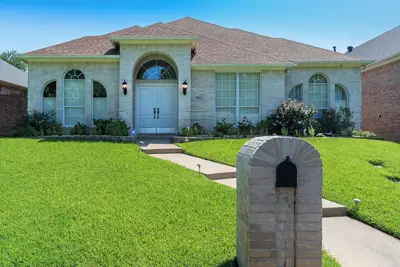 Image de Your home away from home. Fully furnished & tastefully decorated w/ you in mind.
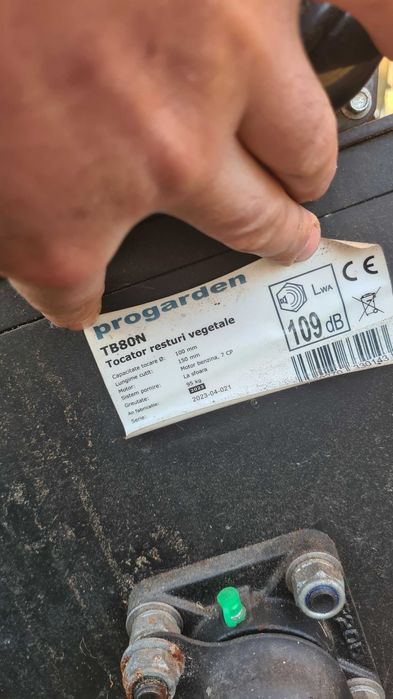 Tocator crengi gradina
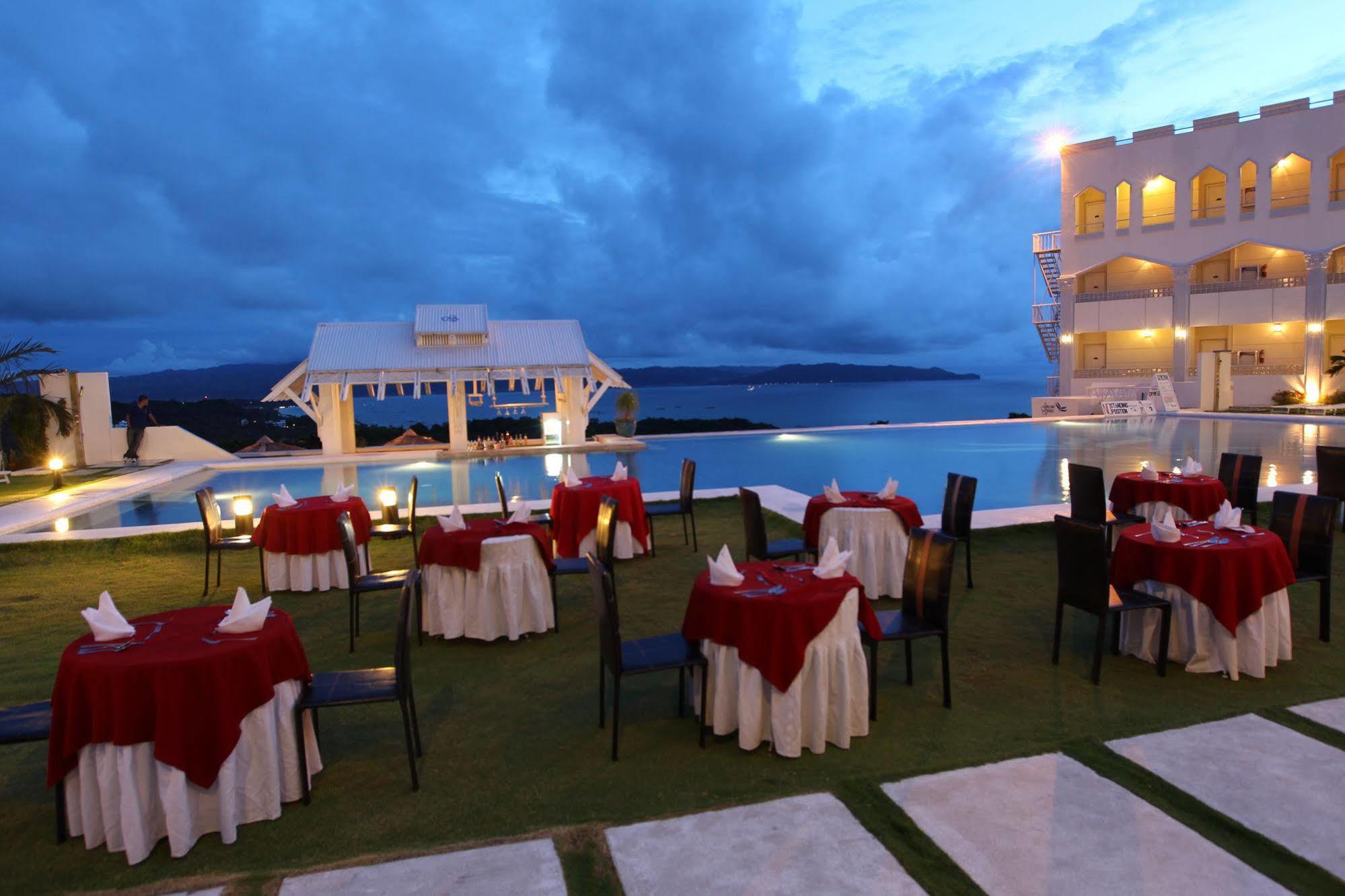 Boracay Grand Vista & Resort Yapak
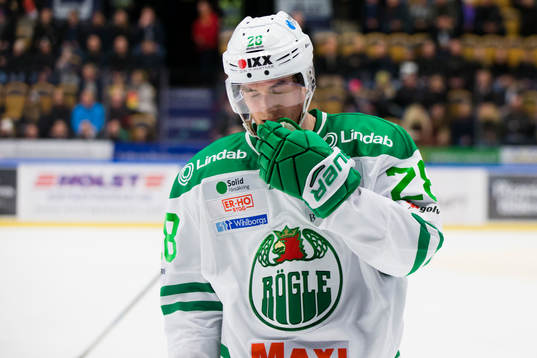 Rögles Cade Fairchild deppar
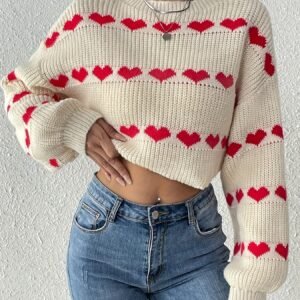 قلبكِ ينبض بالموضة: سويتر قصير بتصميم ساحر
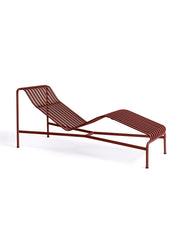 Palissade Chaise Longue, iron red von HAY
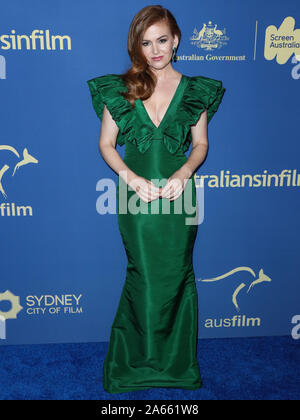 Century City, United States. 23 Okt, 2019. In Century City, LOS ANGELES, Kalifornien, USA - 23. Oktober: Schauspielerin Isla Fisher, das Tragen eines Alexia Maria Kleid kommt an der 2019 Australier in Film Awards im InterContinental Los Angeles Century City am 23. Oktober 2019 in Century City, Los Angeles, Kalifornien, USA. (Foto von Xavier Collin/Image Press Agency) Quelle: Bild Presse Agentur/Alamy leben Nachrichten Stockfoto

☆ ☆ ☆ ☆

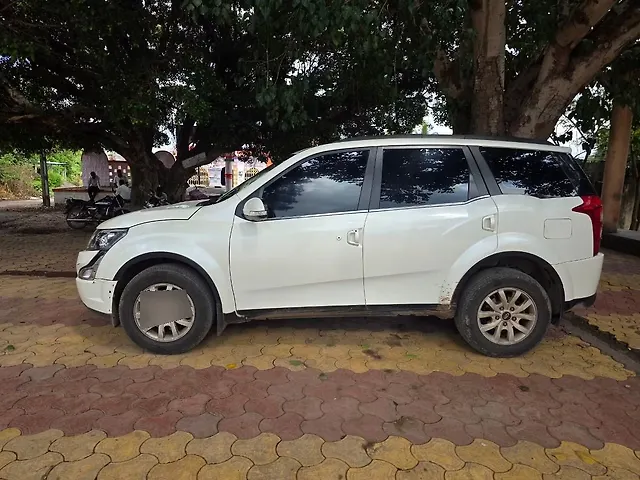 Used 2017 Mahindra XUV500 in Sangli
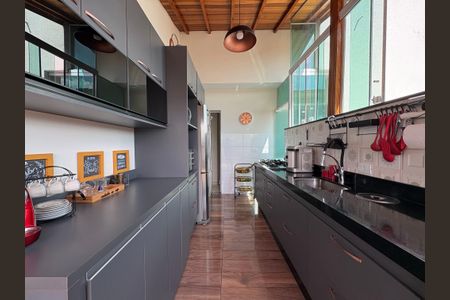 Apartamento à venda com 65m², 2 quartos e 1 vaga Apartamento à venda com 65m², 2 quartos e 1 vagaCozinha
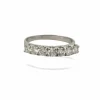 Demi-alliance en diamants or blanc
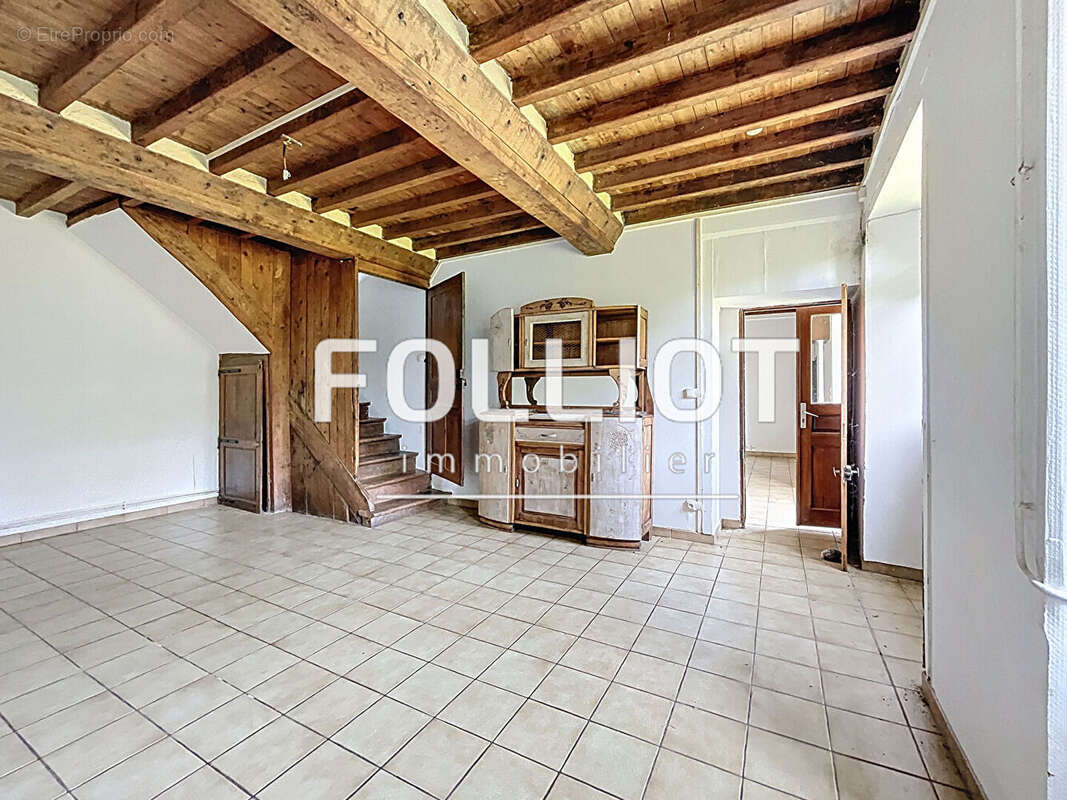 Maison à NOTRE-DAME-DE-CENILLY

☆ ☆ ☆ ☆

Please return the material above only from the line that holds "Used 2017 Mahindra XUV500 in Sangli" through the line that holds "Maison à NOTRE-DAME-DE-CENILLY", exactly as it stands, ends included and pictures omitted.

= EXERCISE OUTPUT =
 Used 2017 Mahindra XUV500 in Sangli
 Apartamento à venda com 65m², 2 quartos e 1 vaga Apartamento à venda com 65m², 2 quartos e 1 vagaCozinha
 Demi-alliance en diamants or blanc
 Maison à NOTRE-DAME-DE-CENILLY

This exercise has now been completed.